What I’m getting at there is the idea that you have this idea of
goodness, this idea of eternity, the idea of holiness, and then God fits into
that category. The category is kind of
there like a yardstick and then God comes along and we measure Him with
it. You can’t do that, that’s a pagan
way of thinking. What we have to do,
what we’re challenged to do by Scripture is to reverse the process and say it’s
God’s character that establishes the yardstick. Righteousness in the final analysis is not an “it” or a category,
some Aristotelian category.
Righteousness is what God is like, that’s the highest, that’s the most
complete, that’s the most deep exposition of righteousness, what He’s
like.

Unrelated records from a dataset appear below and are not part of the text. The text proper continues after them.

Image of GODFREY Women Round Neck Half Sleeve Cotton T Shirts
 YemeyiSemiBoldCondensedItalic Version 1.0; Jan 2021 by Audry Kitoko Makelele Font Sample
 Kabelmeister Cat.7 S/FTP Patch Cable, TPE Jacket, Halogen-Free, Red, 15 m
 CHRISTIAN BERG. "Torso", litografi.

Love is not a quality or an
attribute like Aristotle conceived of it, and then God happens to have that
quality. It’s rather that God’s character sets up the category. The categories
follow God, not God following the categories.
I
make that point because now we’re going to get into the Trinity we’re going to
deal with oneness and threeness, and see what happens. The pagan thinks of a oneness and a
threeness in mathematical terms, he’s got his number system, and then he says
how do we explain God in terms of the number system, whereas what we should do
is turn this whole thing around and say the reason we have numbers is because
God’s character is that way, He’s the ground of the number, not trying to
understand Him in terms of numbers that are abstract and we fit dogs, cats,
rocks, atoms, pounds of force, and then also God, they all happen to be
clustered under this category. That’s
not the way to think. That’s the
Continuity of Being view, that’s pagan thought. The Bible says that God sets up the qualities; He radiates those
qualities, just like the rainbow. Where
does red come from? Red comes to us
from the rainbow.
Isaiah
40:25 is a passage in the Old Testament that says “To whom then will you liken
Me” to, God challenges us, He says name a category that will measure me. So
it’s a very important verse, it clearly denies that there is any such prior
category to which God can be likened or classified. “Any such categories comprehended by man are (q)ualities that
themselves derive from the Creator. Our
sense of geometry and space derive from His Omnipresence. Our sense of time derives from His
eternality. His attributes, therefore,
are not impersonal Ideals thought by man; they are (Q)ualities of His personal
character. God is each one of these characteristics entirely. All
of God is involved in righteousness, all
of God is involved in justice, and so on.”
What
I’m trying to say there is avoid the pie chart concept, you look at a pie chart
and it’s all slices, and here’s love, here’s …. No-no, wrong picture, because
that would imply there are parts of God that aren’t righteous. Then over here He’s righteous, here He’s
love, but here He’s… it gets too fouled up to do it that way. The only way we
can handle this is to make all of Him righteous, all of Him is love, all of Him
is holy, there’s no conflict between them.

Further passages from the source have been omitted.